• **Requirement**:
Could you set down exactly the lines in the records below between the line holding "RED APPLIQUE PATRIOTIC" and the line holding "Chilgrove Bright White", inclusive?

• **Record extracts**:

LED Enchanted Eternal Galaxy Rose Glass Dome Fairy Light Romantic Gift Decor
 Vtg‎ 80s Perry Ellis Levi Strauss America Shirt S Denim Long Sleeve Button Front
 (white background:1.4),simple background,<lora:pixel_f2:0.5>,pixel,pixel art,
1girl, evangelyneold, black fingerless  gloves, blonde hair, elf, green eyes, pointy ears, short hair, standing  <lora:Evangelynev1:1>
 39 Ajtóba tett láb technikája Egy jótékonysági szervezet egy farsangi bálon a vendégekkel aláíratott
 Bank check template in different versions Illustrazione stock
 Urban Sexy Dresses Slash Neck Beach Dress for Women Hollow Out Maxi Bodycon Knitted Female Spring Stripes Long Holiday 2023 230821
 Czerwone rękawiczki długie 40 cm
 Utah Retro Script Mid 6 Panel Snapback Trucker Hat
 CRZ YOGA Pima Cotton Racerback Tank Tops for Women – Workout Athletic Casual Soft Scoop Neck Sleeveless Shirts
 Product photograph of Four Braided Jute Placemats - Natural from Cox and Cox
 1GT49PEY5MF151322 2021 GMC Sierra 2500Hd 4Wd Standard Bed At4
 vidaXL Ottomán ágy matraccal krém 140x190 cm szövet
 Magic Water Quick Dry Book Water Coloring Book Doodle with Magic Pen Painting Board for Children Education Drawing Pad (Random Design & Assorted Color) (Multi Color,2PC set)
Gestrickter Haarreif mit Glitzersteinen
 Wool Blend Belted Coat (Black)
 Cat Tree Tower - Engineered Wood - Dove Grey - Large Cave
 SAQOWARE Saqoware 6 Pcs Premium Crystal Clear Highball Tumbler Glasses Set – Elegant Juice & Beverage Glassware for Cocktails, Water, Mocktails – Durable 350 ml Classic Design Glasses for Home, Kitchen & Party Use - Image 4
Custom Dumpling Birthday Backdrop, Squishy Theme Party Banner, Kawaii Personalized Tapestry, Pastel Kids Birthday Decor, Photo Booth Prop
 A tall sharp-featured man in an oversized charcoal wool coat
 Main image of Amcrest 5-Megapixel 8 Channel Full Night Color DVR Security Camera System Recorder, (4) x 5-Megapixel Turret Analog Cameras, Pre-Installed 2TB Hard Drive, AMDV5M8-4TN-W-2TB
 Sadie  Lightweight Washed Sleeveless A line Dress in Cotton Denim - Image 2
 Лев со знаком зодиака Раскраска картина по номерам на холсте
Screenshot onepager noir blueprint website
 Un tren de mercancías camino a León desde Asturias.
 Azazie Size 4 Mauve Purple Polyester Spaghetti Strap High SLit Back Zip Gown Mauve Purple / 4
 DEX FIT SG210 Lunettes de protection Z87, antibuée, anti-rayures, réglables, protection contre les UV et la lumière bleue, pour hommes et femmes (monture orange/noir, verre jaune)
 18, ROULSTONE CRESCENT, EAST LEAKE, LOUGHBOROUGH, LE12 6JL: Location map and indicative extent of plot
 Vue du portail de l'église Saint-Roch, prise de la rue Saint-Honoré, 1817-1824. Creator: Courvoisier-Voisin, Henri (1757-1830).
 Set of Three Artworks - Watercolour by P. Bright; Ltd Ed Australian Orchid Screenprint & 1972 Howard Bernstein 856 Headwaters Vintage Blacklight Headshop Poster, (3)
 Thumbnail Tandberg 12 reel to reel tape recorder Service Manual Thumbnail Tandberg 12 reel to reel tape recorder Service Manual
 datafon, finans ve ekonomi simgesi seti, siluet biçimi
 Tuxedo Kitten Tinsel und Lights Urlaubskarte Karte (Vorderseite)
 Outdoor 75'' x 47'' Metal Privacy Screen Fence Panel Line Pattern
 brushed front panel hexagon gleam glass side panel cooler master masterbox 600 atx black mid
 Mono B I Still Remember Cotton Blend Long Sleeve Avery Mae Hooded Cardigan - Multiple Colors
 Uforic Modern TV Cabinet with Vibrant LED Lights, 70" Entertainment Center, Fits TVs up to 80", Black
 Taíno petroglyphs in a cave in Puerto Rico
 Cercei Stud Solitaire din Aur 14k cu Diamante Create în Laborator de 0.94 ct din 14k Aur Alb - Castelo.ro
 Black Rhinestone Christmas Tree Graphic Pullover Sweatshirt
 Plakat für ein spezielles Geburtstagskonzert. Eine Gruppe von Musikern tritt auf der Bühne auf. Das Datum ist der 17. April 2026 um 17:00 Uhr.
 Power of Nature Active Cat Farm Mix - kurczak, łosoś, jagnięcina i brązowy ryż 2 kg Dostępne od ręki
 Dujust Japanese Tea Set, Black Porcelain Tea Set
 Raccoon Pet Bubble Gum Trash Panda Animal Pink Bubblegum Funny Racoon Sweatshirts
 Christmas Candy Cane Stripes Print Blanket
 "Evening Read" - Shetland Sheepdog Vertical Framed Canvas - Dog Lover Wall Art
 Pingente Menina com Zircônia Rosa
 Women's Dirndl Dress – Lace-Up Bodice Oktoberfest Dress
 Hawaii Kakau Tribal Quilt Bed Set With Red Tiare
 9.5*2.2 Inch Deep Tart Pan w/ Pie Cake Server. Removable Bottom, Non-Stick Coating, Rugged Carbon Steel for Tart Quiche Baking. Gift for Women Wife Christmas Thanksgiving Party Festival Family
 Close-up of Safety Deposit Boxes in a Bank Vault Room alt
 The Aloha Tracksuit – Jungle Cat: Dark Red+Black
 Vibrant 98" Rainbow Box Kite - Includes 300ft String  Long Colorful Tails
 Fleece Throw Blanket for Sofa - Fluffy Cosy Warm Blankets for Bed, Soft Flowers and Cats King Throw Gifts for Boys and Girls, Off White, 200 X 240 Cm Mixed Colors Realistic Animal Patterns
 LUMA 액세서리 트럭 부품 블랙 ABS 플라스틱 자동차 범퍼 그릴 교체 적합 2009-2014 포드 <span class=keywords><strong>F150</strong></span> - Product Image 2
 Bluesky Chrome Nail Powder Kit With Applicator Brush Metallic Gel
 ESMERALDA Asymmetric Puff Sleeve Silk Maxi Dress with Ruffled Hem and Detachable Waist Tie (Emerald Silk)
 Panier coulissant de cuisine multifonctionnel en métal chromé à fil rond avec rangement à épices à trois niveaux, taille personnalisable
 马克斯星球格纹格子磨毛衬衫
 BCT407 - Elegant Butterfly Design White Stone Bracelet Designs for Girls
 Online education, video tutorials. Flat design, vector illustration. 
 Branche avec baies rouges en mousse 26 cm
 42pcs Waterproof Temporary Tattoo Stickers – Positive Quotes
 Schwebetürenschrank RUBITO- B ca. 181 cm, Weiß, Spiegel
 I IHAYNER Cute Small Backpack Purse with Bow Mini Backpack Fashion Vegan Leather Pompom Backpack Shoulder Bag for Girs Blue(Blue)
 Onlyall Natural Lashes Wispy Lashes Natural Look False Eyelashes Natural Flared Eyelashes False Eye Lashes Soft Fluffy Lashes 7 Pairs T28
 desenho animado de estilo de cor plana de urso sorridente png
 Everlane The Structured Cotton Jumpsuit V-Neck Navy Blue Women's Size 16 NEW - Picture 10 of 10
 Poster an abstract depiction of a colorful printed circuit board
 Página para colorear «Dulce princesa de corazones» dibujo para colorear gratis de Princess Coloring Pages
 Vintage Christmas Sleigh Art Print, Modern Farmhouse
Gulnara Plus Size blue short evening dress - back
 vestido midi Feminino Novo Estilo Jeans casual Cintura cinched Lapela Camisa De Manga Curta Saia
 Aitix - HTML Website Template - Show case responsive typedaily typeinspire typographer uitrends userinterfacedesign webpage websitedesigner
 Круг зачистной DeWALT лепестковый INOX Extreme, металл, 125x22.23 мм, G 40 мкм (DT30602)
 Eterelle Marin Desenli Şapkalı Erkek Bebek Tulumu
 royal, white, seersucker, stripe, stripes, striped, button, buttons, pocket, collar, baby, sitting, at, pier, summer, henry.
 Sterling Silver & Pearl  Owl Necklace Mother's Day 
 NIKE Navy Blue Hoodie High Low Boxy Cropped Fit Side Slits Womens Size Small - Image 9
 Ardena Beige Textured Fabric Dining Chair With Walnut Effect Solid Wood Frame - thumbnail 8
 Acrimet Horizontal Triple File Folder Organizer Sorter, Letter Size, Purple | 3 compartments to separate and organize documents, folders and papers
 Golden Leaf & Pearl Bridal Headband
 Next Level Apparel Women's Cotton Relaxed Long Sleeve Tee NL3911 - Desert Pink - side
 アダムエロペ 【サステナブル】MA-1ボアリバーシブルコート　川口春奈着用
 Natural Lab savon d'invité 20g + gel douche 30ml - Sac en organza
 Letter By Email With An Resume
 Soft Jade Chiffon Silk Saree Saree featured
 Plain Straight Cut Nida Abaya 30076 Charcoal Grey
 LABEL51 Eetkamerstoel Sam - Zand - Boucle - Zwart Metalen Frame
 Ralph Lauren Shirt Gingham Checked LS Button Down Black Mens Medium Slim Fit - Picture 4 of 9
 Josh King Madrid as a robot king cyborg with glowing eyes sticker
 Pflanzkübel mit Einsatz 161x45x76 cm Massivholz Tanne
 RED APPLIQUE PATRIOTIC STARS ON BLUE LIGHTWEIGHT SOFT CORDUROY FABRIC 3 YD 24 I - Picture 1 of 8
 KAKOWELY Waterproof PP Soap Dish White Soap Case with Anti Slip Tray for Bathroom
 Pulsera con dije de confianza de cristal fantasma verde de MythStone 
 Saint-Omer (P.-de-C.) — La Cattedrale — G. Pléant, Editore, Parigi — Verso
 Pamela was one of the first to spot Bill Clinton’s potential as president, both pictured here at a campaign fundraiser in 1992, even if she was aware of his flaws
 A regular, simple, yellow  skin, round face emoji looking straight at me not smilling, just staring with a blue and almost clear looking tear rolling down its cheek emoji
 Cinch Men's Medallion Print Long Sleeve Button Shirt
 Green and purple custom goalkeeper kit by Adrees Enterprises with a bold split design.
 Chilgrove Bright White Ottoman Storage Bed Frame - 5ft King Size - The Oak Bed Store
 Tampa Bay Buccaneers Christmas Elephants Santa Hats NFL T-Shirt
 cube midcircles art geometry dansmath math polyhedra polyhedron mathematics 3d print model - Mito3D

• **Solution for this task**:
 RED APPLIQUE PATRIOTIC STARS ON BLUE LIGHTWEIGHT SOFT CORDUROY FABRIC 3 YD 24 I - Picture 1 of 8
 KAKOWELY Waterproof PP Soap Dish White Soap Case with Anti Slip Tray for Bathroom
 Pulsera con dije de confianza de cristal fantasma verde de MythStone 
 Saint-Omer (P.-de-C.) — La Cattedrale — G. Pléant, Editore, Parigi — Verso
 Pamela was one of the first to spot Bill Clinton’s potential as president, both pictured here at a campaign fundraiser in 1992, even if she was aware of his flaws
 A regular, simple, yellow  skin, round face emoji looking straight at me not smilling, just staring with a blue and almost clear looking tear rolling down its cheek emoji
 Cinch Men's Medallion Print Long Sleeve Button Shirt
 Green and purple custom goalkeeper kit by Adrees Enterprises with a bold split design.
 Chilgrove Bright White Ottoman Storage Bed Frame - 5ft King Size - The Oak Bed Store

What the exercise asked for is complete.